What you output must match the entries exactly, apart from the pictures, which are left out.

--- Task input ---

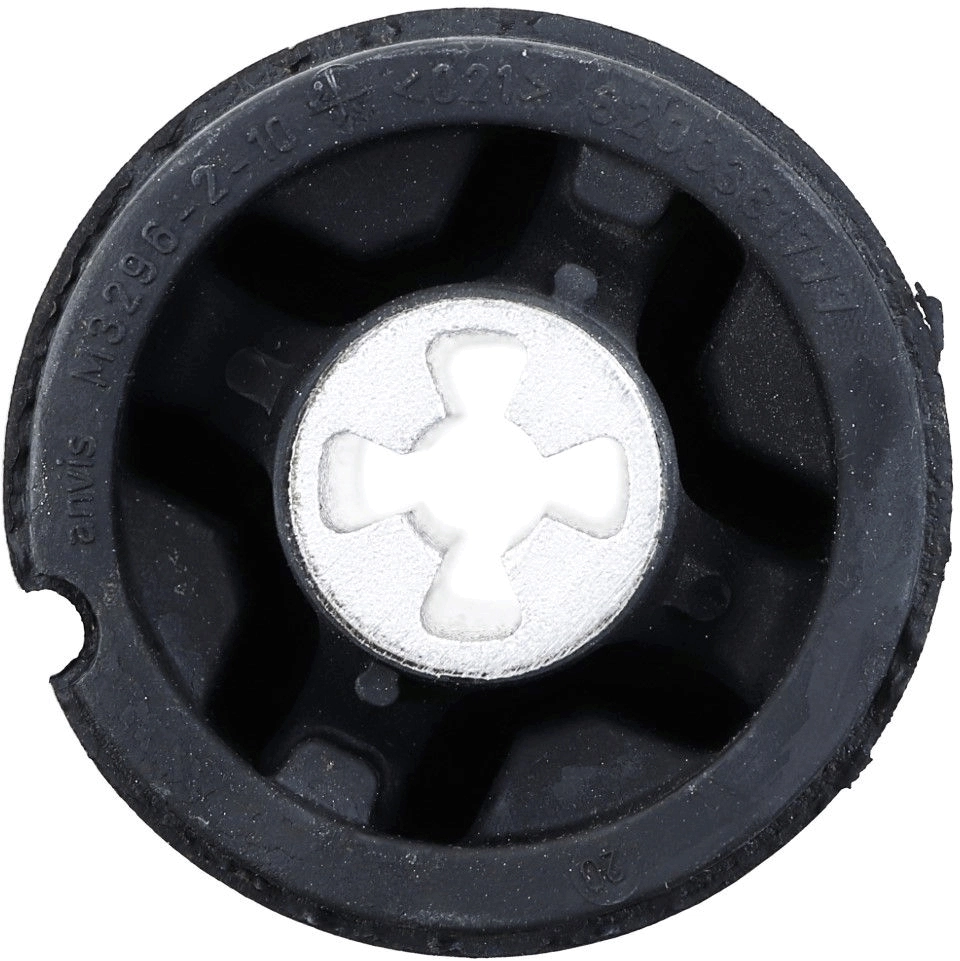 Suspension, corps de l'essieu LEMFÖRDER 31991 01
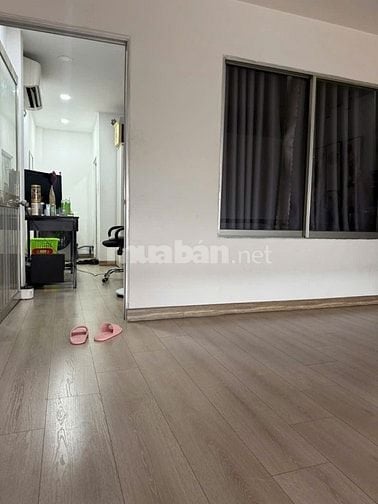 Hiếm! Nhà MTKD siêu đẹp, đường số 8, 4x14m, 56m², Sổ A4, giá 4,65 tỷ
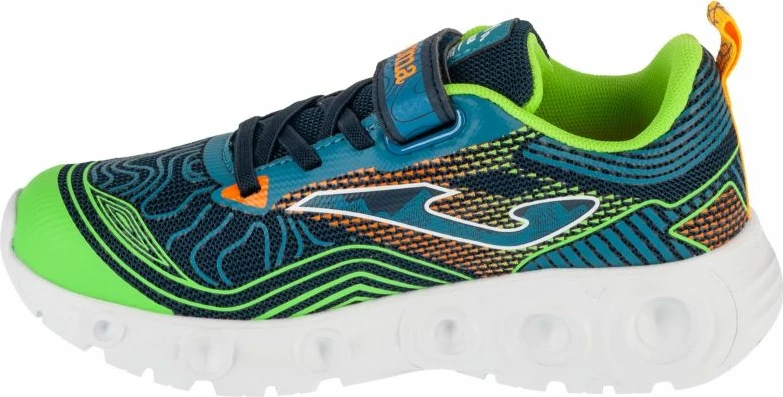 Këpucë për fëmijë Joma, shumëngjyrëshe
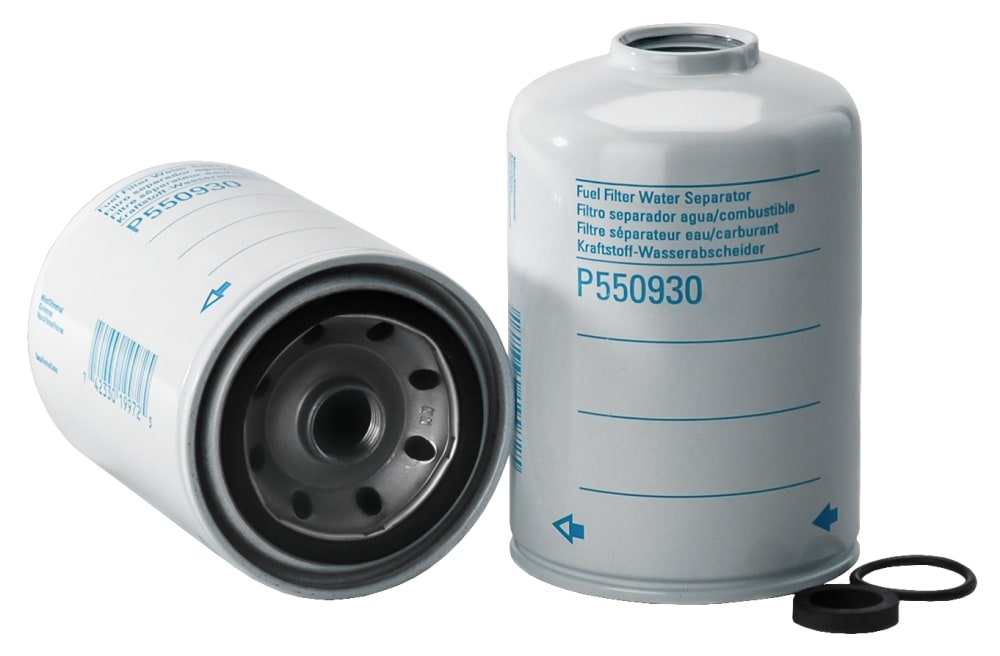 Donaldson Water Separator Spin-On Fuel Filter
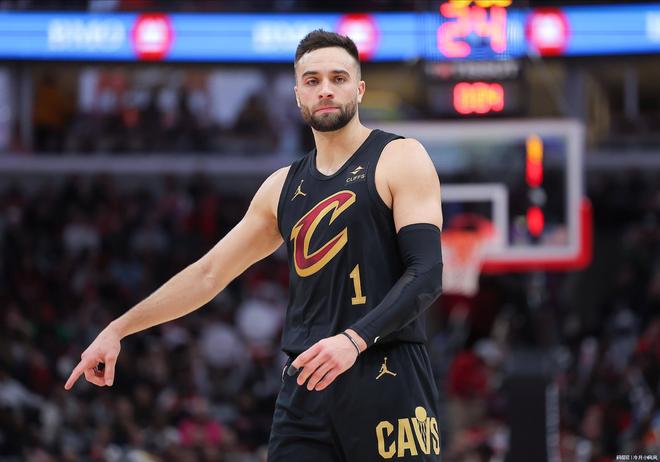 哈登加盟骑士创历史里程碑 赛季表现惊艳引关注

---

◆ Solution for this task ◆
 Suspension, corps de l'essieu LEMFÖRDER 31991 01
 Hiếm! Nhà MTKD siêu đẹp, đường số 8, 4x14m, 56m², Sổ A4, giá 4,65 tỷ
 Këpucë për fëmijë Joma, shumëngjyrëshe
 Donaldson Water Separator Spin-On Fuel Filter
 哈登加盟骑士创历史里程碑 赛季表现惊艳引关注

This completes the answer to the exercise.